## Problem statement
Quote the entries below from the line with "USED 2018 68" through the line with "ABB Combiflex Crimping Tool", both ends included, and only those lines.

(Beginning of Provided data)

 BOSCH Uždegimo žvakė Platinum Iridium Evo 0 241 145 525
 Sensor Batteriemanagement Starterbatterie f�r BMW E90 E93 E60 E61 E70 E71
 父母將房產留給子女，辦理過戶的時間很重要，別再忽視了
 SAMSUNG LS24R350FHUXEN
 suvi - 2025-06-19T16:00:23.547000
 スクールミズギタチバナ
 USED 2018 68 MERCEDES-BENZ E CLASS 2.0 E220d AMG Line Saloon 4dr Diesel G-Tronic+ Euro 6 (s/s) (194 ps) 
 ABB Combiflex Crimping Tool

(End of Provided data)
(Beginning of Provided data)

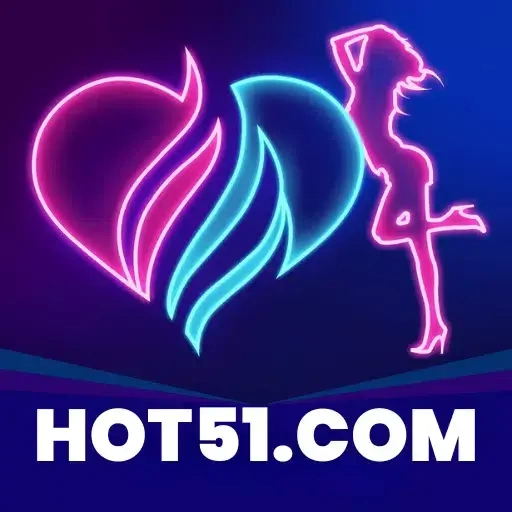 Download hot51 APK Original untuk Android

(End of Provided data)

## Completed task
 USED 2018 68 MERCEDES-BENZ E CLASS 2.0 E220d AMG Line Saloon 4dr Diesel G-Tronic+ Euro 6 (s/s) (194 ps) 
 ABB Combiflex Crimping Tool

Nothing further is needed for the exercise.